> [Problem description]:
Transcribe exactly, and only, the lines running from the one with "DEEP BOWL - ASH GLAZE" to the end of the entries below, both included, without any pictures.

> [Records for this exercise]:
>>>>>
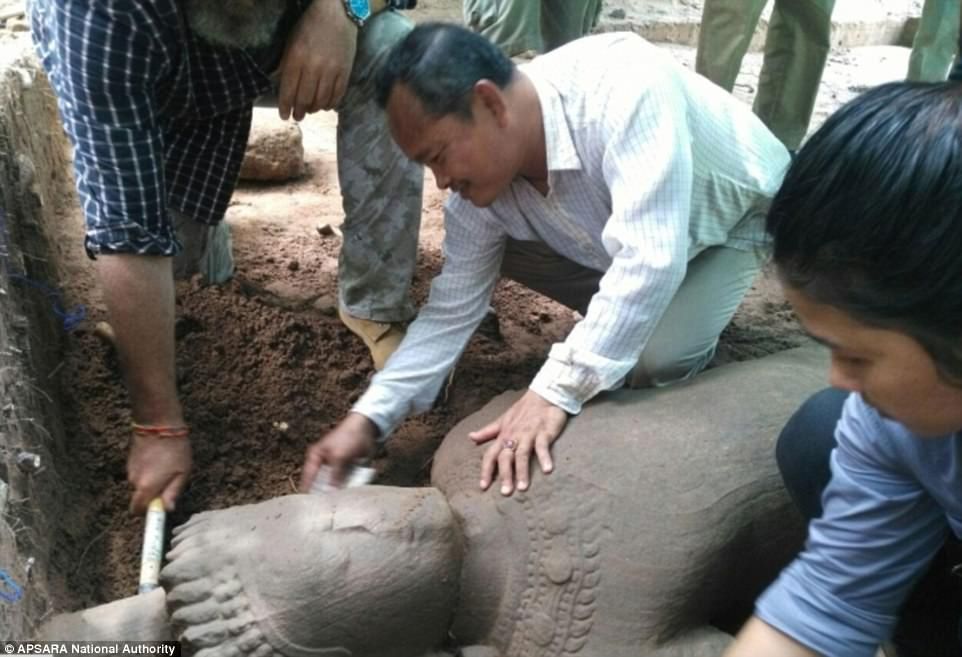 In het beroemde Cambodjaanse tempelcomplex van Angkor is een standbeeld ontdekt dat vermoedelijk uit de periode van de late twaalfde tot vroege dertiende eeuw stamt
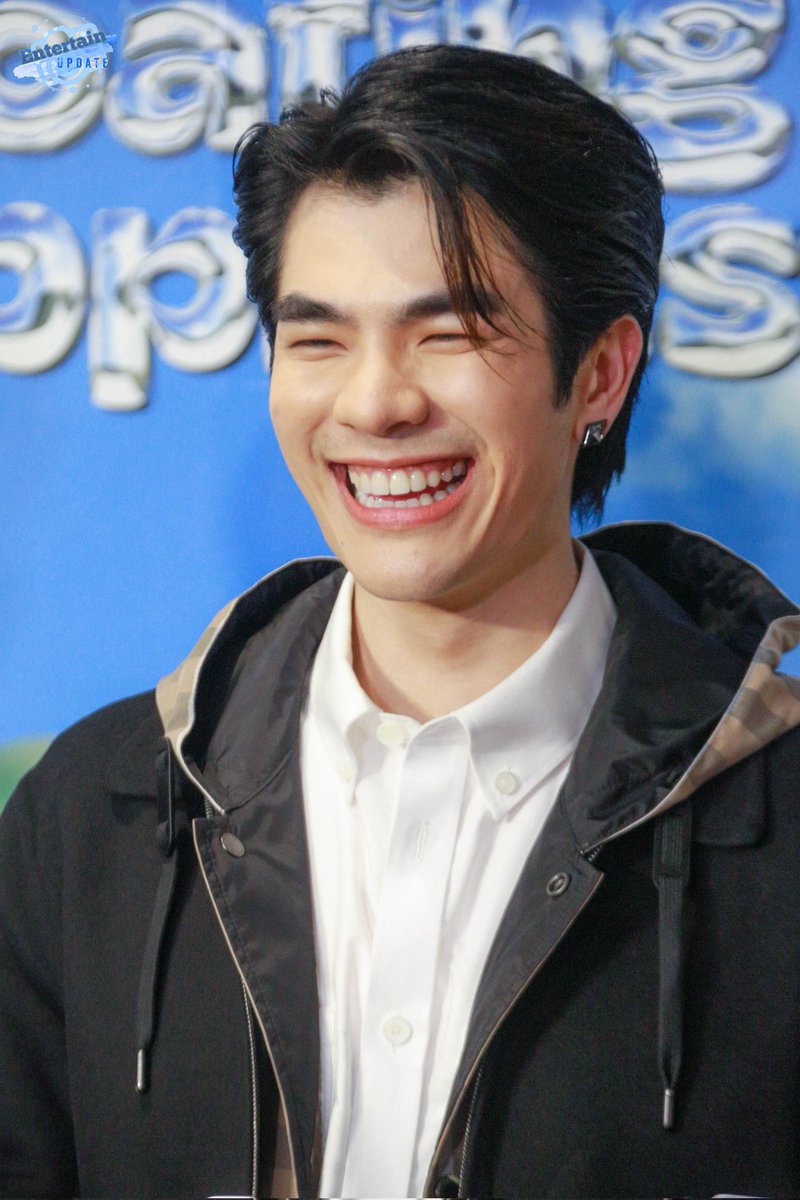 Entup2date's tweet photo. เก็บตกความน่ารักช่วงสัมภาษณ์สื่อมวลชนของ "มาย-อาโป" ในงาน CENTRAL EMBASSY PRESENTS “LET’S CELEBRATE 2023: FLOATING HAPPINESS”
#LetsCelebrate2023
#FloatingHappiness
#CentralEmbassy
#MilePhakphum #Nnattawin
#มายอาโป #MileApo
#CentralEmbassyxMileApo https://t.co/MlDSKutosg
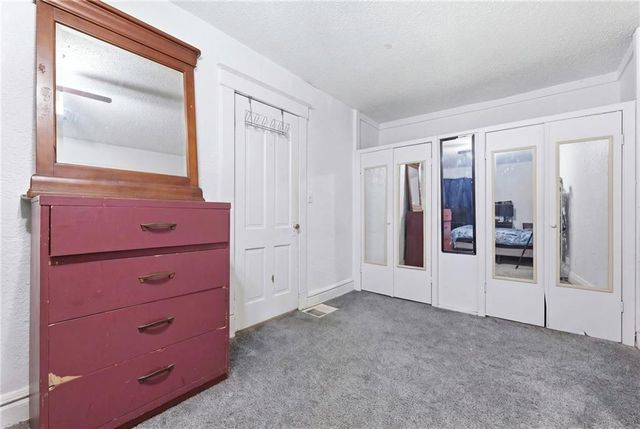 3249 Victor Street, Kansas City, MO 64128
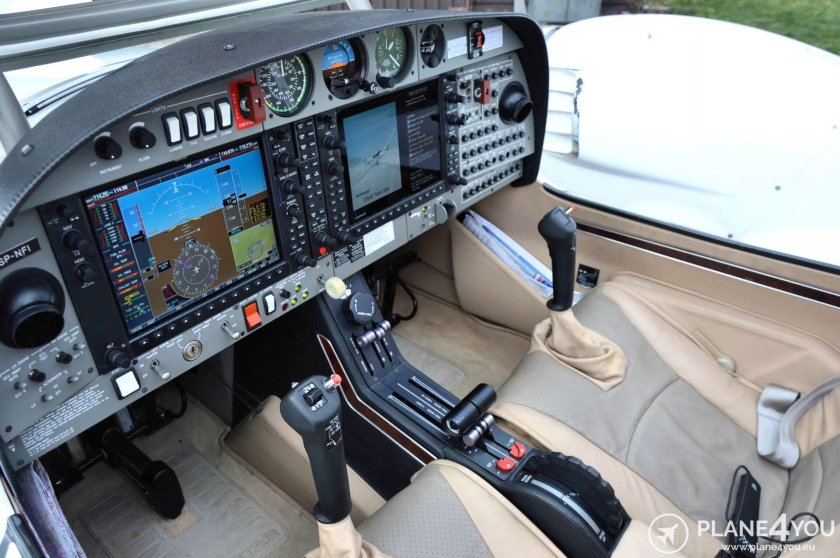 Diamond 42 Cockpit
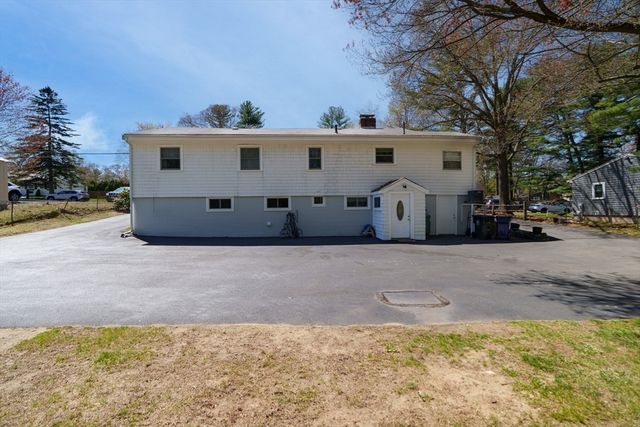 4 Gowing Rd, Wilmington, MA 01887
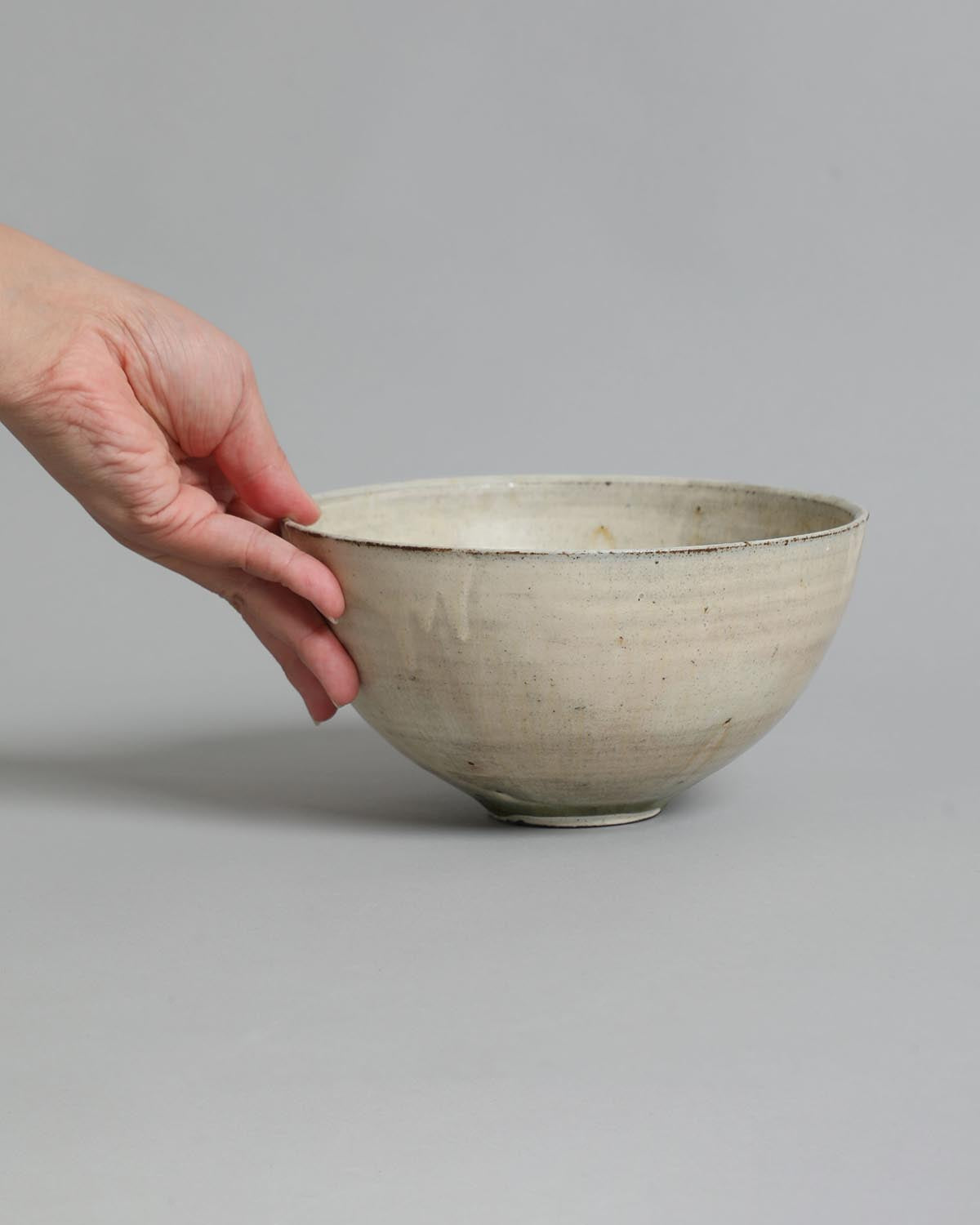 DEEP BOWL - ASH GLAZE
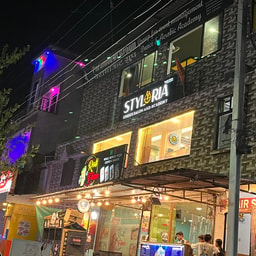 Styloria unisex saloon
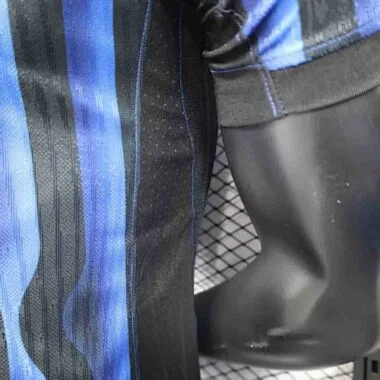 Equipamento de casa do Inter de Milão 2025-2026, versão de jogador, futebol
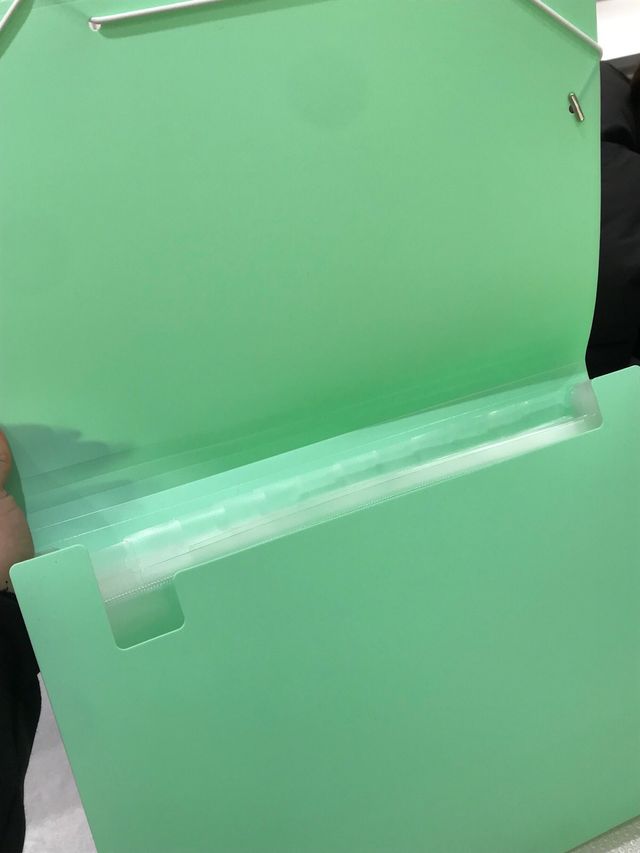 Carpetas de trabajo/estudio (varios colores)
<<<<<
> [Completed exercise]:
 DEEP BOWL - ASH GLAZE
 Styloria unisex saloon
 Equipamento de casa do Inter de Milão 2025-2026, versão de jogador, futebol
 Carpetas de trabajo/estudio (varios colores)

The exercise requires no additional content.